Undang-Undang Lingkungan Hidup No. 4 tahun 1982 yang
disempurnakan dengan Undang-Undang Lingkungan Hidup No. 23 tahun 1997 pasal 1
menyebut pengertian lingkungan hidup sebagai berikut.
“Lingkungan hidup adalah kesatuan ruang dengan semua benda,
daya, keadaan, dan makhluk hidup, termasuk manusia dan perilakunya, yang
mempengaruhi perikehidupan dan kesejahteraan manusia serta makhluk hidup lain.”
Lingkungan hidup sebagaimana yang dimaksud dalam
undang-undang tersebut merupakan suatu sistem yang meliputi lingkungan alam
hayati, lingkungan alam nonhayati, lingkungan buatan, dan lingkungan sosial.
Semua komponen-komponen lingkungan hidup seperti benda, daya, keadaan, dan
makhluk hidup berhimpun dalam satu wadah yang menjadi tempat berkumpulnya
komponen itu disebut ruang.
Pada ruang ini berlangsung ekosistem, yaitu suatu susunan
organisme hidup dimana diantara lingkungan abiotik dan organisme tersebut
terjalin interaksi yang harmonis dan stabil, saling memberi dan menerima kehidupan.

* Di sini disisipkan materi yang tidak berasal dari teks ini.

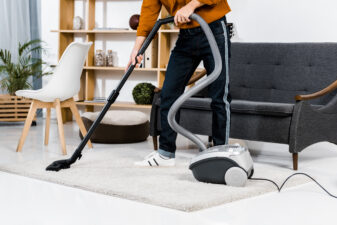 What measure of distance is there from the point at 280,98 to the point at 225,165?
1.56 meters

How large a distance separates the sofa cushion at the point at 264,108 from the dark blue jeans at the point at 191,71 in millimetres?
431

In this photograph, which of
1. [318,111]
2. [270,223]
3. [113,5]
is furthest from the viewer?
[113,5]

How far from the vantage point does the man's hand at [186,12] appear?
2693 mm

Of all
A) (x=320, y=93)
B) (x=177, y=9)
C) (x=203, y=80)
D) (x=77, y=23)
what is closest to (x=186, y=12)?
(x=177, y=9)

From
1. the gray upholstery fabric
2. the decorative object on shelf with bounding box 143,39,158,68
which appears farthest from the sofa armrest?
the decorative object on shelf with bounding box 143,39,158,68

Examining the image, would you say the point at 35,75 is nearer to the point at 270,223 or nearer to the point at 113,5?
the point at 113,5

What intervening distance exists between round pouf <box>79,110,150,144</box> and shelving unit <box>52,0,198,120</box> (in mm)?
1017

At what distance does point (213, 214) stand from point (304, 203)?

Interaksi antara berbagai komponen tersebut ada kalanya
bersifat positif dan tidak jarang pula yang bersifat negatif. Keadaan yang
bersifat positif dapat terjadi apabila terjadi keadaan yang mendorong dan
membantu kelancaran berlangsungnya proses kehidupan lingkungan.
Cara mengambil hasil hutan agar tetap terjaga kelesteriannya
misalnya dengan sistem tebang pilih yaitu pohon yang ditebang hanya pohon yang
besar dan tua, agar pohon-pohon kecil yang sebelumnya terlindungi oleh pohon
besar, akan cepat menjadi besar menggantikan pohon yang ditebang tersebut.
Interaksi yang bersifat negatif terjadi apabila proses
interaksi lingkungan yang harmonis terganggu sehingga interaksi berjalan saling
merugikan.
Adanya gangguan terhadap satu komponen di dalam lingkungan
hidup, akan membawa pengaruh yang negatif bagi komponen-komponen lainnya karena
keseimbangan terhadap komponen-komponen tersebut tidak harmonis lagi.
B.
Arti Penting Lingkungan Hidup Bagi
Kehidupan
Bumi ini diwariskan dari nenek moyang kita dalam keadaan
yang sangat berkualitas dan seimbang. Nenek moyang kita telah menjaga dan
memeliharanya bagi kita sebagai pewaris bumi selanjutnya, sehingga kita berhak
dan harus mendapatkan kualitas yang sama persis dengan apa yang didapatkan
nenek moyang kita sebelumnya. Bumi adalah anugerah yang tidak ternilai harganya
dari Tuhan Yang Maha Esa karena menjadi sumber segala kehidupan. Oleh karena
itu, menjaga alam dan keseimbangannya menjadi kewajiban kita semua secara
mutlak tanpa syarat.
Masyarakat jaman dahulu telah menyadari benar bahwa
lingkungan hidup merupakan bagian kehidupannya. Dari catatan sejarah diketahui
bahwa pada abad ke-7, masyarakat di Indonesia sudah membentuk suatu bagian yang
bertugas mengawasi hutan, yang hampir sama fungsinya dengan jabatan sekarang
yang disebut dengan Perlindungan Hutan dan Pelestarian Alam (PHPA). Masyarakat
seperti ini sering kita sebut masyarakat tradisional.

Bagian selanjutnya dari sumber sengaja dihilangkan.